--- MATERIAL FOR THIS EXERCISE Enclosed Below ---

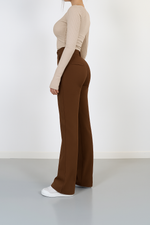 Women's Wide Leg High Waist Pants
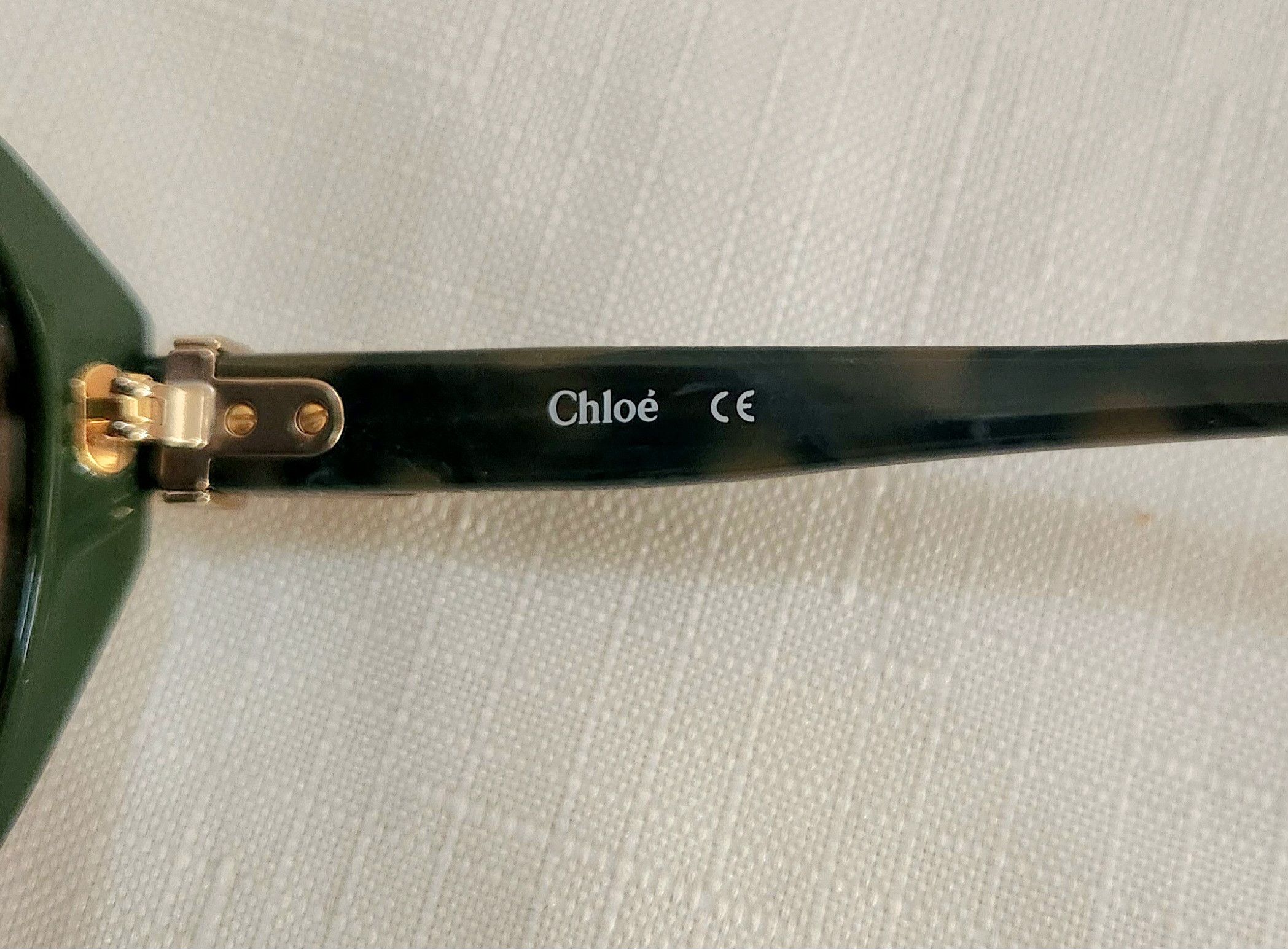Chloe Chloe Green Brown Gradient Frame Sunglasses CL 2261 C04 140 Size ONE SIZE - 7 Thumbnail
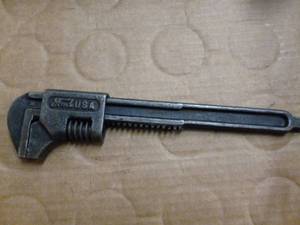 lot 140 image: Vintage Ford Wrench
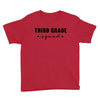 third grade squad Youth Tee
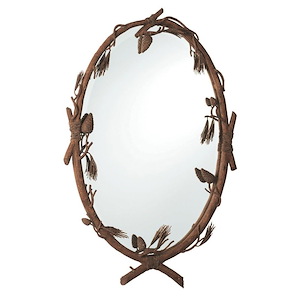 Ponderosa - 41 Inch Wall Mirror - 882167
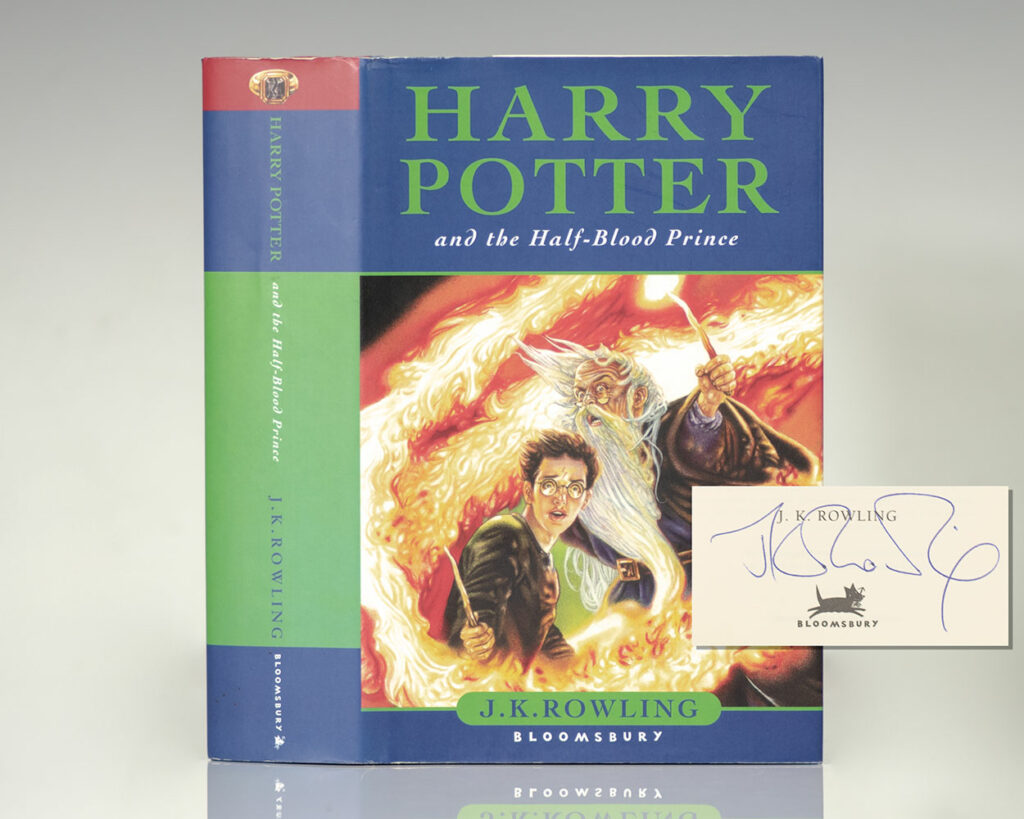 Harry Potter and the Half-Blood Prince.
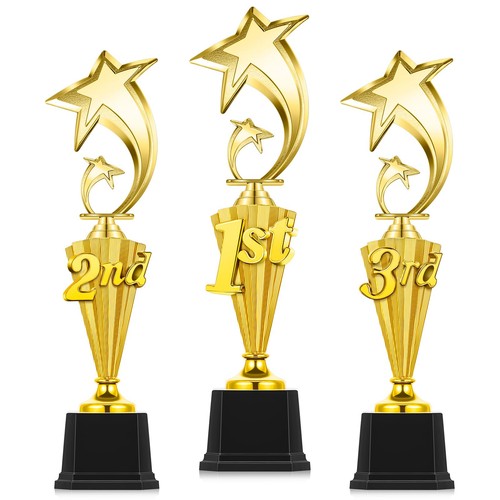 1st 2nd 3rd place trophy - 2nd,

--- End of Enclosed MATERIAL FOR THIS EXERCISE ---

*YOUR OBJECTIVE:* Your copy should match the records above word for word, but without images.

*WRITTEN SOLUTION:*
 Women's Wide Leg High Waist Pants
Chloe Chloe Green Brown Gradient Frame Sunglasses CL 2261 C04 140 Size ONE SIZE - 7 Thumbnail
 lot 140 image: Vintage Ford Wrench
 third grade squad Youth Tee
 Ponderosa - 41 Inch Wall Mirror - 882167
 Harry Potter and the Half-Blood Prince.
 1st 2nd 3rd place trophy - 2nd,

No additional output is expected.